The Fastest Talking Guy in Social Media Tells Us Where All of This Might Be Going
Jackie Peters | Digital Life, General, Interactive Marketing, Marketing, Mobile Internet, Mobile Marketing, Social Media, Viral Marketing, WOM, Web-centeric | Thursday May 22 2008A guest post I contributed to Mashable, see the whole story here: http://mashable.com/2008/05/22/future-of-social-media/
I’m here at day two of the Executing Social Media conference in Pasadena, CA. Blogger, PR stuntman, and social media maven Peter Shankman gave a very energetic keynote on how the social web is changing the way we do business and make money. Peter is CEO of The Geek Factory, Inc. and has recently launched Help A Reporter Out (HARO,) a service that helps journalists connect with sources.
Peter prefaced his entire presentation by telling us the problem with predictions; he played a short clip from the movie Back to the Future 2, which was released in 1987. According to the film, in 2010 we would have a fax machine in every room – the Internet hadn’t proliferated yet and fax machines were what the writers could envision.

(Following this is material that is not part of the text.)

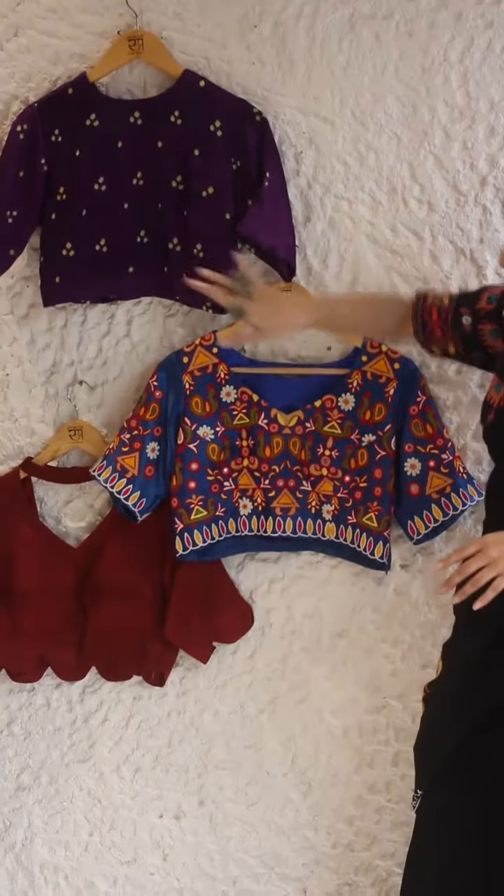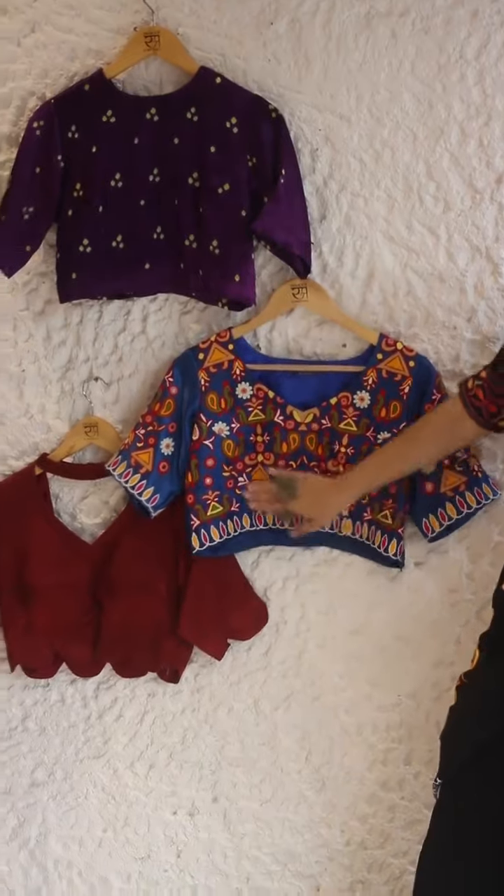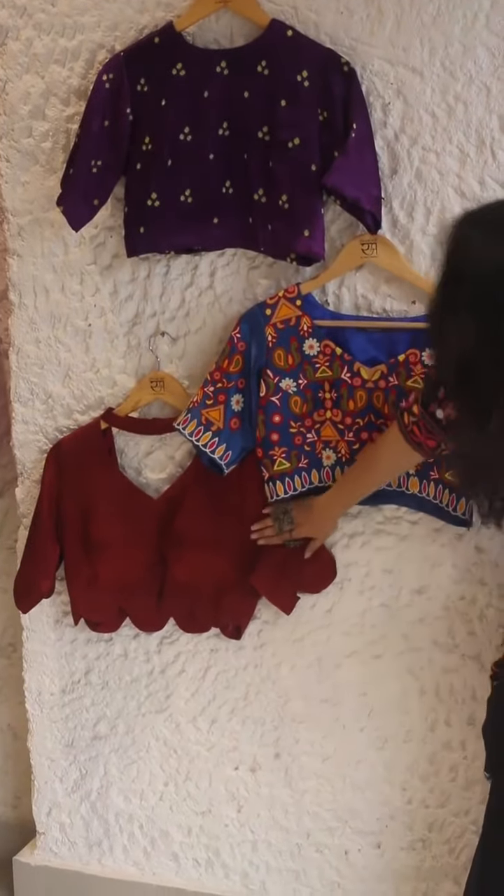This is the bandhi blouse. Another one that we have is a mirror work blouse — this is the kutch mirror work. And this is a mushroom silk choker blouse.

That out of the way, Peter went on to share with us a few predictions he has about the future in regards to social media and technology. Peter sees an information overload starting to occur. There are too many channels, tools and platforms out there. He sees a convergence into one tool that helps you manage your entire network from any device at any time and automates the process for you. He cites FriendFeed and Socialthing as an early entrées into the space.
But the future that Peter predicts includes not just life streaming, but life tracking, life sharing, and network-building. He builds a mental image for us: you are a business traveler leaving for a trip, as you enter the airport, your Bluetooth device signals a computer which prints your ticket and it’s ready for you when you arrive. Your status is automatically updated on all of your networks so people know you are getting ready to go somewhere. He stresses that it becomes more about recommendations and ideas coming from your trusted network, and much less about those coming from the traditional “restaurant reviewer” or “movie critic.” In fact, he mentions the upcoming demise of the newspaper world as we know it, with “reviewers and critics leading the trail into the darkness.”